Селькирк худо уживался с людьми еще до отправки на остров, а уж после сделался совершенно невыносим. Здесь есть некое сходство с историей Лазаря после воскрешения, как она изложена у Леонида Андреева: воскреснуть-то он воскрес, но говорить с живыми ему было уже не о чем. По возвращении в Англию Селькирк стал было модным персонажем, но быстро распугал поклонников резкостью нрава; несколько раз пытался жениться (с шестнадцатилетней Софи Брюс был даже помолвлен), но всякий раз это расстраивалось. Видимо, он мог общаться только с бессловесными козами либо повторявшими за ним попугаями. Скоро Селькирк нанялся на другое судно («Weymouth») и умер от тропической лихорадки в декабре 1721 года у африканских берегов.

История Робинзона Крузо, изданная в 1719 году, обессмертила и Селькирка, и памфлетиста журнала «Review» Даниэля Дефо (его фельетон «Кратчайший способ расправы с диссидентами» был бы весьма актуален и ныне – а тогда показался правительству настолько удачным, что Дефо на месяц попал в Ньюгейтскую тюрьму). Каждая эпоха находила в истории Робинзона Крузо нечто свое, интерпретируя робинзонаду в соответствии с духом времени. «Эмиграция – капля крови нации, взятая на анализ», – любит повторять Мария Розанова; так вот, Робинзон – капля крови цивилизации, и всякий новый человеческий тип подвергался эстетическому испытанию островом. Для людей начала XVIII века, в особенности для британцев с их культом имперского супермена, «Робинзон» (с двумя его продолжениями о дальнейших плаваниях героя) был гимном человеческим возможностям, торжественной одой в честь упорства, могущества и неугасимой веры. Это нормальный взгляд для эпохи, избравшей человека мерой всех вещей. Неслучайно в откровенной пародии на «Робинзона» – свифтовских «Путешествиях Гулливера», написанных восемь лет спустя, – Гулливер попадает сначала к карликам, а потом к великанам: он как бы задает масштаб, становится универсальной мерой длины. Робинзон у Дефо цивилизует дикаря Пятницу, объясняя ему, что «не надо кушать человеков», и только что не проповедует козам. Человек – светлое начало, доводящее природу до ума; он не пропадет нигде, из всего исследует выгоду и по всему необитаемому покамест миру пронесет весть о славе британской короны.

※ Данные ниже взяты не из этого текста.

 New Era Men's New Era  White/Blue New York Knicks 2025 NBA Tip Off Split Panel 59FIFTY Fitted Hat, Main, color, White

Робинзонада XIX века прошла под знаком сознательного бегства от цивилизации: американский робинзон Генри Торо бежит в «Хижину в лесу», где пытается отыскать подлинную гармонию, давно утраченную заблудшим человечеством. Легендой 1820-х годов был Федор Толстой – вот уж кто явно страдал синдромом Селькирка в тяжелой форме: рассорившись с капитаном, он так же был высажен на дикий берег, только в Арктике, и вернулся на родину через полтора года, проделав путь от Благовещенска до Петербурга; впрочем, немедленно по въезде в Петербург он был арестован за свои прошлые художества и надолго выслан. После полугодового пребывания в обществе чукчей он был богато татуирован алеутскими орнаментами. Русского Дефо на него не нашлось, кроме Грибоедова («В Камчатку сослан был, вернулся алеутом и крепко на руку нечист»). Как бы то ни было, XIX столетие сильно скорректировало взгляды на человеческую природу: робинзон этих времен – не гордый покоритель островов, не миссионер среди дикарей, а либо сумасшедший романтик, либо маргинальный бандит. Надо учиться притираться к обществу, вот что; нет счастья, кроме как на путях материального прогресса. Правда, Жюль Берн полагал, что справедливое общество в наше время возможно только на необитаемом острове: герои «Таинственного острова», в том числе бежавший от правительства революционер, строили с помощью незримого капитана Немо уютную утопию, которую так хорошо было читать на даче под шум дождя; ясно было, что на континенте ничего подобного не получится. Возражением XX века на «Таинственный остров» стал «Повелитель мух» Уильяма Голдинга, где горстка детей, спасшихся на необитаемом атолле, занимается взаимным мучительством, тоталитаризмом и разборками: капля крови, взятая на анализ, показала, что человечество таки сильно испортилось.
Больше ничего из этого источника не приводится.